I dati contenuti nei Rapporti del Registro Nazionale dei Mesoteliomi hanno assunto nel tempo un ruolo rilevante anche nell’ambito delle azioni giudiziarie e delle attività di tutela delle vittime dell’amianto. L’Avvocato Ezio Bonanni, presidente dell’Osservatorio Nazionale Amianto (ONA), che da anni utilizza le evidenze epidemiologiche del ReNaM come strumento di supporto nelle cause per il riconoscimento delle malattie professionali e per il risarcimento dei danni subiti dai lavoratori esposti.

Secondo Bonanni, i rapporti ReNaM costituiscono una base scientifica fondamentale per dimostrare il nesso tra esposizione ad amianto e insorgenza del mesotelioma, soprattutto nei casi in cui le esposizioni professionali risalgono a molti decenni prima della diagnosi. L’analisi sistematica dei settori produttivi maggiormente coinvolti, così come la ricostruzione delle modalità di esposizione, contribuisce infatti a rafforzare il quadro probatorio nei procedimenti previdenziali e civili.

L’Osservatorio Nazionale Amianto ha più volte richiamato l’attenzione sull’importanza di utilizzare i dati del ReNaM non soltanto come strumento di ricerca epidemiologica, ma anche come supporto alle politiche di prevenzione e alla tutela giuridica delle vittime. Attraverso l’analisi dei dati contenuti nei diversi rapporti, l’ONA ha inoltre evidenziato come l’epidemia di mesotelioma in Italia sia strettamente collegata a scelte industriali e organizzative del passato che hanno esposto milioni di lavoratori alle fibre di amianto senza adeguate misure di protezione.

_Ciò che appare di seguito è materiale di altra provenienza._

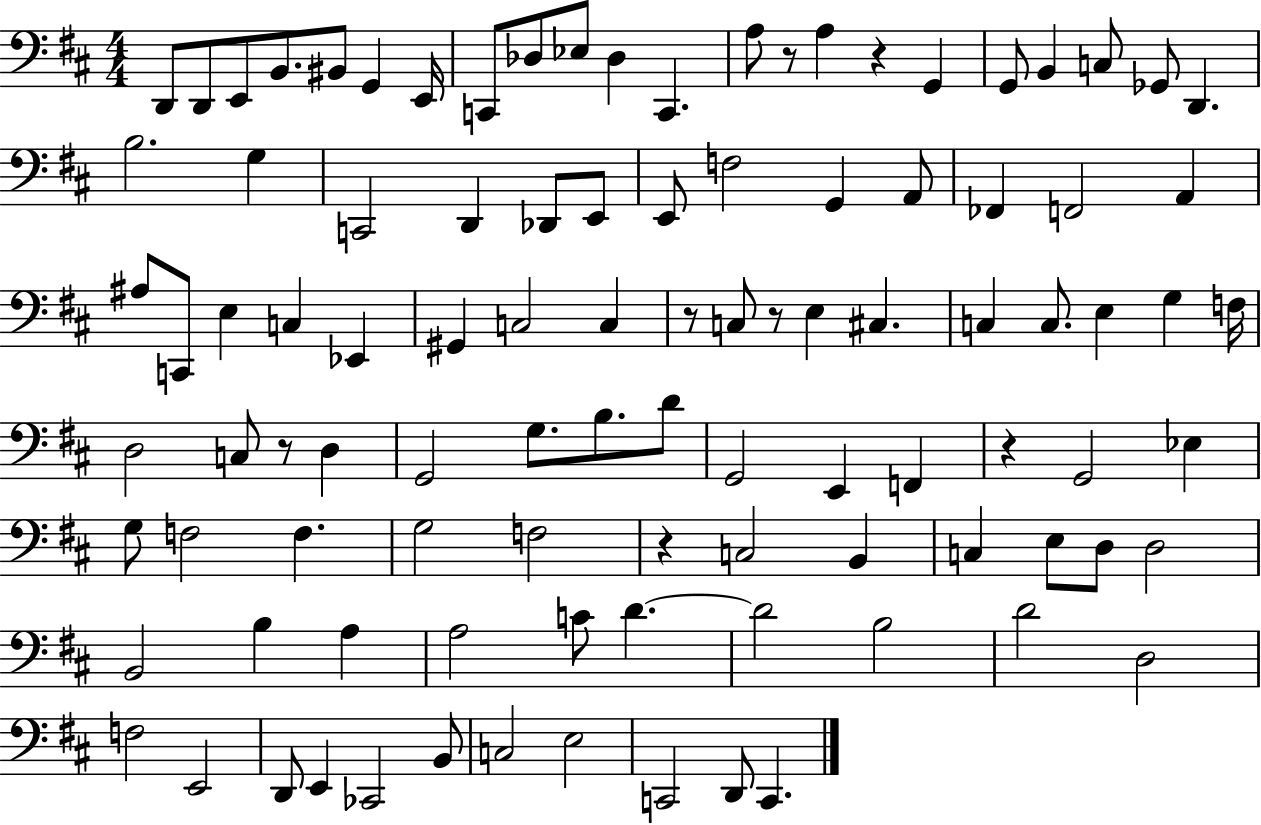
{
  \clef bass
  \numericTimeSignature
  \time 4/4
  \key d \major
  d,8 d,8 e,8 b,8. bis,8 g,4 e,16 | c,8 des8 ees8 des4 c,4. | a8 r8 a4 r4 g,4 | g,8 b,4 c8 ges,8 d,4. | \break b2. g4 | c,2 d,4 des,8 e,8 | e,8 f2 g,4 a,8 | fes,4 f,2 a,4 | \break ais8 c,8 e4 c4 ees,4 | gis,4 c2 c4 | r8 c8 r8 e4 cis4. | c4 c8. e4 g4 f16 | \break d2 c8 r8 d4 | g,2 g8. b8. d'8 | g,2 e,4 f,4 | r4 g,2 ees4 | \break g8 f2 f4. | g2 f2 | r4 c2 b,4 | c4 e8 d8 d2 | \break b,2 b4 a4 | a2 c'8 d'4.~~ | d'2 b2 | d'2 d2 | \break f2 e,2 | d,8 e,4 ces,2 b,8 | c2 e2 | c,2 d,8 c,4. | \break \bar "|."
}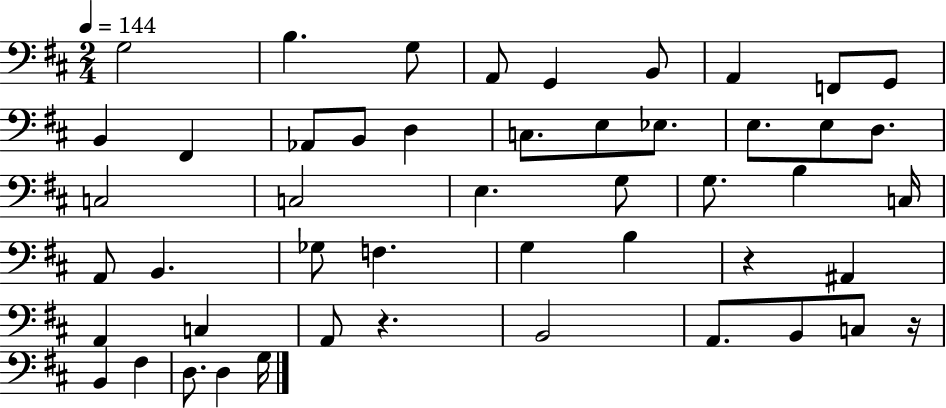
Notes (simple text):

G3/h B3/q. G3/e A2/e G2/q B2/e A2/q F2/e G2/e B2/q F#2/q Ab2/e B2/e D3/q C3/e. E3/e Eb3/e. E3/e. E3/e D3/e. C3/h C3/h E3/q. G3/e G3/e. B3/q C3/s A2/e B2/q. Gb3/e F3/q. G3/q B3/q R/q A#2/q A2/q C3/q A2/e R/q. B2/h A2/e. B2/e C3/e R/s B2/q F#3/q D3/e. D3/q G3/s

In numerose iniziative pubbliche e interventi istituzionali, Bonanni ha sottolineato la necessità di rafforzare il sistema di sorveglianza epidemiologica e di completare le bonifiche dell’amianto ancora presenti nel territorio nazionale. A suo avviso, i dati del Registro Nazionale dei Mesoteliomi dimostrano in modo inequivocabile che la prevenzione primaria, attraverso la rimozione dei materiali contenenti amianto e il monitoraggio sanitario degli esposti, resta l’unico strumento realmente efficace per ridurre il numero di nuovi casi nei prossimi decenni e vincere la battaglia contro l’amianto.